In a small town, gossip is an enthusiastic social activity. Topics surround, naturally enough, religious no-no’s. The forbidden. Whispers about who is having an affair, who is an alcoholic, who has a violent marriage, who has come into money and so many more off-color subjects, truth often getting lost in the embroidered story.
Scandalous stories from my youth include the well-known town doctor who jumped out the window of a woman’s house naked and was shot on the way down through both cheeks of his bottom by the woman’s husband. (The doctor walked to work for months.) The wealthy man in town who died in bed in a Dallas hotel with a prostitute while his wife waited at home. The grandson of a millionaire who “blew” all his inheritance on schemes to benefit his high school friends. Newer rumors, like the tale of the son of a prosperous family who murdered his wife to take up with the babysitter..and got away with it.
A friend recently told me how horrified his mother was when someone began a rumor in their town that his mother had false teeth. Good grief!! The tale only stopped when she directly confronted a known source and proved through yanking on her own beautiful teeth that they were not “choppers.” Ridiculous.
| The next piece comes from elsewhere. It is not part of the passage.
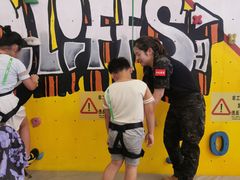 -攀猩儿童攀岩馆(宝乐汇店)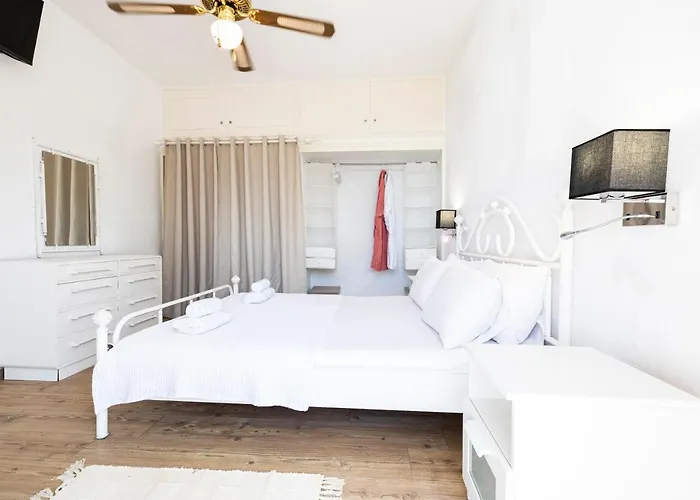 Del Greco Kalyves Polygyrou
The most public scandal from the past concerned our town’s only Texas governor who died while in office, on a train with a prostitute. The woman had to be put off the train at the next station in an effort to avoid people finding out. People, being people, however, did find out…..and duly reported the story…..and reported the story…even 50 years later.
A “book” written by a local young man during the years of World War II was said to name many of the day’s local “sinners.” My father said the book had named the perpetrators. Others’ names were lightly veiled. The social game at the time was deciding who the unnamed people were, or so my parents told us. Scintillating stuff to a young mind.
I had heard about the book as had most everyone in both my parents’ and my generation. The book had been publicly condemned at the time (although privately popular) both because it was not considered good manners or “Christian” to speak of such things and because, many said, it was…quite simply…not a good book.
My parents didn’t have a copy so I never saw it. It’s one of those memories that goes into deep storage after reaching adulthood. I didn’t think about it again until 1985 when we moved into a house that had been built by the uncle of the author. Hmmm. My mind wandered a few times toward the book.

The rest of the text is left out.